Haïti au seuil de son long chemin de reconstruction
Jean-Benoît Harel (avec AFP) - Cité du Vatican
Il aura fallu un mois pour former un conseil de transition pour Haïti. Alors que Port-au-Prince est livré depuis des semaines aux pillages et aux violences des gangs armés, les responsables politiques se sont accordés sur un conseil présidentiel de transition, selon l’AFP. Ce conseil de neuf membres -sept votants et deux observateurs- intègre des représentants des principaux partis du pays, ainsi que du secteur privé et de la société civile. Son mandat prendra fin le 7 février 2026 selon le document transmis à la Communauté des Caraïbes.
La longue attente pour former ce conseil vient «de la difficulté de trouver un consensus avec de nombreux partis politiques, y compris des partis politiques qui avaient soutenu Ariel Henry» explique Frédéric Thomas, docteur en sciences politique et chargé d’études au CETRI (Centre Tricontinental).
Ariel Henry cumulait les postes de Premier ministre et de président de la République depuis juillet 2021, en dehors de son mandat législatif depuis le 7 février 2024. Sous la pression de la société civile haïtienne, de la communauté internationale et de la situation sécuritaire dégradée à cause des gangs, il a annoncé sa démission le 11 mars 2024. Toutefois, le bilan d’Ariel Henry était loin d’être satisfaisant à de nombreux niveaux (social, économique, politique et sécuritaire), et son maintien au pouvoir jusqu’en août 2025 comme initialement prévu était difficilement imaginable, estime Frédéric Thomas.
La place de la communauté internationale
«La communauté internationale participe du problème plus que de la solution», poursuit le chercheur. Il explique que le gouvernement d’Ariel Henry est tombé car il avait perdu le soutien international, et américain en particulier. «La crainte, c'est qu'avec cette nouvelle initiative via la CARICOM, ce conseil présidentiel soit un nouveau bidule inventé par la communauté internationale pour régler les problèmes d'Haïti en contournant les organisations haïtiennes», explique-t-il.
La question de la force militaire kenyane qui devait intervenir en Haïti pour résoudre la crise sécuritaire illustre le rôle ambigu de la communauté internationale. Les organisations haïtiennes refusent qu'une force étrangère intervienne sur le territoire haïtien sous commandement étranger et exigent un contrôle a minima sur cette force armée.
Le défi lancé par les bandes armées
Cette crise sécuritaire se poursuit en Haïti. La capitale Port-au-Prince reste en grande partis sous le contrôle des gangs armés qui sèment la violence dans les rues. S’ils ont été un catalyseur pour la démission d’Ariel Henry, ces bandes armés qui veulent s'arroger un pouvoir politique décisionnel n’ont aucun projet politique.

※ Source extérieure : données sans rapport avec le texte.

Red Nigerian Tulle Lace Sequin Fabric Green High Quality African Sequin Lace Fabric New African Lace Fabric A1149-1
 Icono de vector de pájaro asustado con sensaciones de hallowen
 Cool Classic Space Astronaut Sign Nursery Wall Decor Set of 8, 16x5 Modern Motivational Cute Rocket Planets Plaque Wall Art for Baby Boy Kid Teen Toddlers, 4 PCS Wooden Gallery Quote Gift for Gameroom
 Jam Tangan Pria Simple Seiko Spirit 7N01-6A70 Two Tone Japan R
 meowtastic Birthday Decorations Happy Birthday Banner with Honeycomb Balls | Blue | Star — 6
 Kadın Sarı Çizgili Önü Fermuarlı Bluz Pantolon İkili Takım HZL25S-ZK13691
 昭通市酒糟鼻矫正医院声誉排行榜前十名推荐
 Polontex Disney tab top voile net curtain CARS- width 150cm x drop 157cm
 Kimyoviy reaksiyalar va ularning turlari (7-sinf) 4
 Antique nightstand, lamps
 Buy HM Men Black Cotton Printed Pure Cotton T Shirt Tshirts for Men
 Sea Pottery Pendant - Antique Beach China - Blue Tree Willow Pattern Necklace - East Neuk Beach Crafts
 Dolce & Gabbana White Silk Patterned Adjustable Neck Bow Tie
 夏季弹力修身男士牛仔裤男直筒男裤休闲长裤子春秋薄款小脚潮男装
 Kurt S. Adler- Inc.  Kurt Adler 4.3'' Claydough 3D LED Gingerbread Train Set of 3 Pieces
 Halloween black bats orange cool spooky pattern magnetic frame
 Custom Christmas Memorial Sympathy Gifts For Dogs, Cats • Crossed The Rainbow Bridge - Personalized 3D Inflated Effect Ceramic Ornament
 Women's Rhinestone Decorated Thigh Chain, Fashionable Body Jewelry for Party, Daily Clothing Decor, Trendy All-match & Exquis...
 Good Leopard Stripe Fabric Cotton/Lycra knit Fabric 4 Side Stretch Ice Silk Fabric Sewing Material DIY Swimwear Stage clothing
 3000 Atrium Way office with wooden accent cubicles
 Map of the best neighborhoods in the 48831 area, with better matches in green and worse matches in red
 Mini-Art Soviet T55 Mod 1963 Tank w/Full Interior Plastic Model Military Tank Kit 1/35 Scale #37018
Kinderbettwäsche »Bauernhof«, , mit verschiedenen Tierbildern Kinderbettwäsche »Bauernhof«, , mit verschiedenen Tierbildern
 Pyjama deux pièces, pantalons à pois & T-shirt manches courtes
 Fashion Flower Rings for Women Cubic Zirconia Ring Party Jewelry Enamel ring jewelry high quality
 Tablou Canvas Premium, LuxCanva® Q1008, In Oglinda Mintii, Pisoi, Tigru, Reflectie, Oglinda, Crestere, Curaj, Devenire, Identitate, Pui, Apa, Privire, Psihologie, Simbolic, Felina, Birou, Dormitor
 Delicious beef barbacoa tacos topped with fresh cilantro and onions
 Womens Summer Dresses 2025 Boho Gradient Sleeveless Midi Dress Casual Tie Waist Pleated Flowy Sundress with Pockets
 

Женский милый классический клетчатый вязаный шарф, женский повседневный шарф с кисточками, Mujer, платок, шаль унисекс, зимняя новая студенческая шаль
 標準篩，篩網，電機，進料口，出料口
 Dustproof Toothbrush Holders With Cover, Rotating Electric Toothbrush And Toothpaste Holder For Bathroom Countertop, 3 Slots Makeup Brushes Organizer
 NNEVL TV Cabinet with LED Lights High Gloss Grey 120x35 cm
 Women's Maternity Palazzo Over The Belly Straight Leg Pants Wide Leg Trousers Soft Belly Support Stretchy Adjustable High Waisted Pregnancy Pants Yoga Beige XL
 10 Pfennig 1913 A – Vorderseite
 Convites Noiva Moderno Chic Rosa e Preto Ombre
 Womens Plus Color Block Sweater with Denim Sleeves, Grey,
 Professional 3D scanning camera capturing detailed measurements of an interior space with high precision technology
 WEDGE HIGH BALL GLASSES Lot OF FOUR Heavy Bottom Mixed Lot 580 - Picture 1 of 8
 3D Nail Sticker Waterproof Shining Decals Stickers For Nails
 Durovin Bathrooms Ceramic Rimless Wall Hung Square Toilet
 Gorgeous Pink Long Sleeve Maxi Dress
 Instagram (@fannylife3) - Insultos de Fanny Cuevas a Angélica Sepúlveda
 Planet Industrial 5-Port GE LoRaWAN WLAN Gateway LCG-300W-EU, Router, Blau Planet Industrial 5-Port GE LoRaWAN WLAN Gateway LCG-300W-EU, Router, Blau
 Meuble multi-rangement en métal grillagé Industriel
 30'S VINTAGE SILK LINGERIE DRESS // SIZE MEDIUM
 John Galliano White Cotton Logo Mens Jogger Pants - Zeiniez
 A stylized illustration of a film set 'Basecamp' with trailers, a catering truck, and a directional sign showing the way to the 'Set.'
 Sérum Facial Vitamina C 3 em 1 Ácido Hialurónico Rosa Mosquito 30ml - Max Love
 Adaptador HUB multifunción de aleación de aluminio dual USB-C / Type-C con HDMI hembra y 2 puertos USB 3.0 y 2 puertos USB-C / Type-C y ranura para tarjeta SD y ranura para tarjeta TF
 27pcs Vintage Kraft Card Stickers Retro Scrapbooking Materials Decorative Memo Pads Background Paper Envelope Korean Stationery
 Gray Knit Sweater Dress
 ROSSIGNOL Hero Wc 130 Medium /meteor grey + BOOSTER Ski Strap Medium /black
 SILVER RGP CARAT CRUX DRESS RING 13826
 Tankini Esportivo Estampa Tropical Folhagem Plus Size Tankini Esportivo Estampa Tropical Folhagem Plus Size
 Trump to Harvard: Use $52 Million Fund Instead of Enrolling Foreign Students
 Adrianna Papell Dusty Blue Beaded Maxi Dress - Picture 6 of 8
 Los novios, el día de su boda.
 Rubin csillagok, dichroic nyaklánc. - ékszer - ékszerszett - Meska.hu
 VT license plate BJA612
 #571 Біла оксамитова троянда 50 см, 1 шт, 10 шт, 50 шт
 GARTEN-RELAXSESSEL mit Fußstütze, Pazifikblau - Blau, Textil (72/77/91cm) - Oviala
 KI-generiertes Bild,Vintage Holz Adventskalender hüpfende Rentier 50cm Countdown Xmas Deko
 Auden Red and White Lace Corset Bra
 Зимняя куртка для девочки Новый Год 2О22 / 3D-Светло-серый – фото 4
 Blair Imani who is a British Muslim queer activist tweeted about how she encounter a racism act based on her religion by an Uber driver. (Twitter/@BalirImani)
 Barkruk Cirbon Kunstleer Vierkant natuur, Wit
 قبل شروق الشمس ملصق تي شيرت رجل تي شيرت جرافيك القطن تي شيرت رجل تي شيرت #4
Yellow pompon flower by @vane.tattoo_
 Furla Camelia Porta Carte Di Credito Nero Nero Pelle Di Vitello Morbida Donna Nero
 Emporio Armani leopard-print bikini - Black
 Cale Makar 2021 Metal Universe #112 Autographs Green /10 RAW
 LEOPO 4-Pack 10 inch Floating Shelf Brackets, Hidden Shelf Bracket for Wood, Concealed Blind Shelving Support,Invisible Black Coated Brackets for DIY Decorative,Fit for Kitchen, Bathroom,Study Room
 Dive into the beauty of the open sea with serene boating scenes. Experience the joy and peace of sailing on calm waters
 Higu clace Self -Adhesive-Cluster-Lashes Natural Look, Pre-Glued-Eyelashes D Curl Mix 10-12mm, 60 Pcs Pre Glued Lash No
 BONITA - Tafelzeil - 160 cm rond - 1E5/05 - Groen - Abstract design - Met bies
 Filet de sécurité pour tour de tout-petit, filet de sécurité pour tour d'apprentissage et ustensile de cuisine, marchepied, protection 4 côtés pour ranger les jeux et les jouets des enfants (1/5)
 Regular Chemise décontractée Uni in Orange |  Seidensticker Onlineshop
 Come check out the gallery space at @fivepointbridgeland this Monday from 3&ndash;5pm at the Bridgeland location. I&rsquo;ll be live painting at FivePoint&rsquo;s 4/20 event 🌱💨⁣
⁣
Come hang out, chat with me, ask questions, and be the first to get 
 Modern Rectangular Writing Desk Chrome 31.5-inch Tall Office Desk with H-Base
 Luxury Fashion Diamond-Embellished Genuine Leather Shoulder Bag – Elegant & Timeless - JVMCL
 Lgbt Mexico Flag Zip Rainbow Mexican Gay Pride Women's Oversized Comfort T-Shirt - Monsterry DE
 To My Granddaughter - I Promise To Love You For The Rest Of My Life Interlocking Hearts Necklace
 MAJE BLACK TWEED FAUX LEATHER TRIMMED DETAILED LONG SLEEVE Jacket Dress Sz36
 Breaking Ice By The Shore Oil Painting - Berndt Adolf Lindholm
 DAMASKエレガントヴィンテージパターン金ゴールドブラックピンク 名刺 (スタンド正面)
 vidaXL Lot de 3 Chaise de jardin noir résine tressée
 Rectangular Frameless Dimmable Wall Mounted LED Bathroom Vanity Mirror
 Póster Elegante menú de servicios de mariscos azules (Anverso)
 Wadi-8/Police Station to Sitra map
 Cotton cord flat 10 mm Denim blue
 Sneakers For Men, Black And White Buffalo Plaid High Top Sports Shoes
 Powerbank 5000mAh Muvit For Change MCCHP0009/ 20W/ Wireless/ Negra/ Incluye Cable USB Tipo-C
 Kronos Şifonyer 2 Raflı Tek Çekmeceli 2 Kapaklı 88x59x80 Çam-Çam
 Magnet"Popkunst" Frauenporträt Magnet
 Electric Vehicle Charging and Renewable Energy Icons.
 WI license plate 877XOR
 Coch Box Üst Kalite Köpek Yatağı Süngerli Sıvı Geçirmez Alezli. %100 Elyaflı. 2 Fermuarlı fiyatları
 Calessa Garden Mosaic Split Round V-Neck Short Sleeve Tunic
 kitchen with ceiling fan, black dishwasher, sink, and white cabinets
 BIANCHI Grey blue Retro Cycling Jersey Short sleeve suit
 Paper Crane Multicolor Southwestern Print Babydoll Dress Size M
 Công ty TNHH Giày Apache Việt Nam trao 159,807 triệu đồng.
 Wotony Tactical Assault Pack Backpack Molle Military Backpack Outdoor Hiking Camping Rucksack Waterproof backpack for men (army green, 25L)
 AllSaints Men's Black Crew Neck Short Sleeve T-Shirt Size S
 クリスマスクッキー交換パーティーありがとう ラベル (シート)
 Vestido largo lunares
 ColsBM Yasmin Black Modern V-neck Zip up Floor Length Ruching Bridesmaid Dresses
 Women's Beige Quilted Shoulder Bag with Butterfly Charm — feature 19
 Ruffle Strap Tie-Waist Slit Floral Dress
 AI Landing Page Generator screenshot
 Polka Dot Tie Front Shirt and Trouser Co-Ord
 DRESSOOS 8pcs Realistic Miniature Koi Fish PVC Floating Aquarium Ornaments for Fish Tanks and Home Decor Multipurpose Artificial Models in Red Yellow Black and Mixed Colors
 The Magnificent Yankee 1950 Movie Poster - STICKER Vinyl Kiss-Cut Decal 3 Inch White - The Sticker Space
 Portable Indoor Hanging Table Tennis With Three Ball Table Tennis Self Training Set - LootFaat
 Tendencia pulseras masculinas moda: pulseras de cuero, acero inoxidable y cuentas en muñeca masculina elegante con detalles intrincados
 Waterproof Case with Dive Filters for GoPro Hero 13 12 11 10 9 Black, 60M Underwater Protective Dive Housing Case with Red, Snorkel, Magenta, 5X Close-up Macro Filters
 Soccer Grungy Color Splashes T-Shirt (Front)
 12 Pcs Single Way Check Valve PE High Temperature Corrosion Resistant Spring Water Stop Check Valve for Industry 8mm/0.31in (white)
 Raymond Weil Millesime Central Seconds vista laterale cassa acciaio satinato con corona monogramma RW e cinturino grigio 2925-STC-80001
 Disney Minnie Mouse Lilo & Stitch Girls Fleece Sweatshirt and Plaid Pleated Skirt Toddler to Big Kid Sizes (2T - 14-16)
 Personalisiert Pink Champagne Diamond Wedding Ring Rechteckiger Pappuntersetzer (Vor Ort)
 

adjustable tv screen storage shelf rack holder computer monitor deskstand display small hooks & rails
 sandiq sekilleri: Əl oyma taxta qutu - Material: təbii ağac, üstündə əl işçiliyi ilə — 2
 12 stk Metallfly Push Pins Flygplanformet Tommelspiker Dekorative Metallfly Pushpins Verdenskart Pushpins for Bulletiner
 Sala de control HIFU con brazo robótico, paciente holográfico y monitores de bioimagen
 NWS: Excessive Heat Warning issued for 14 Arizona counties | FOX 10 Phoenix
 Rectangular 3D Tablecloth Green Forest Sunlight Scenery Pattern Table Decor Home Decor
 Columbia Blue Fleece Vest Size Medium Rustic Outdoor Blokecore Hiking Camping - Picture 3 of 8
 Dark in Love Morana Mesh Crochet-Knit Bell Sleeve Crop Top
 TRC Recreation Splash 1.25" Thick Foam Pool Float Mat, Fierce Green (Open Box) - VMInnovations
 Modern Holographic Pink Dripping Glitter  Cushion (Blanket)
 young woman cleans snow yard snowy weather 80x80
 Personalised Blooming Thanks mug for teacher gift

«Ce ne sont pas des chefs de guérillas, ce ne sont pas des acteurs politiques: ce sont des criminels qui utilisent la terreur pour asseoir leur pouvoir et qui ne sont intéressés que par ce pouvoir», rappelle Frédéric Thomas.
Trois enjeux seront cruciaux pour ce conseil de transition selon le chercheur du CETRI. Il devra s’attaquer d’abord à la résolution de la crise sociale en offrant des perspectives de développement «à une jeunesse pauvre dans un pays très inégalitaire»; les élites économiques et politiques actuelles «qui ont utilisé ces bandes armées pour asseoir leur pouvoir» devront être remplacées et enfin la crise sécuritaire devra être résolue.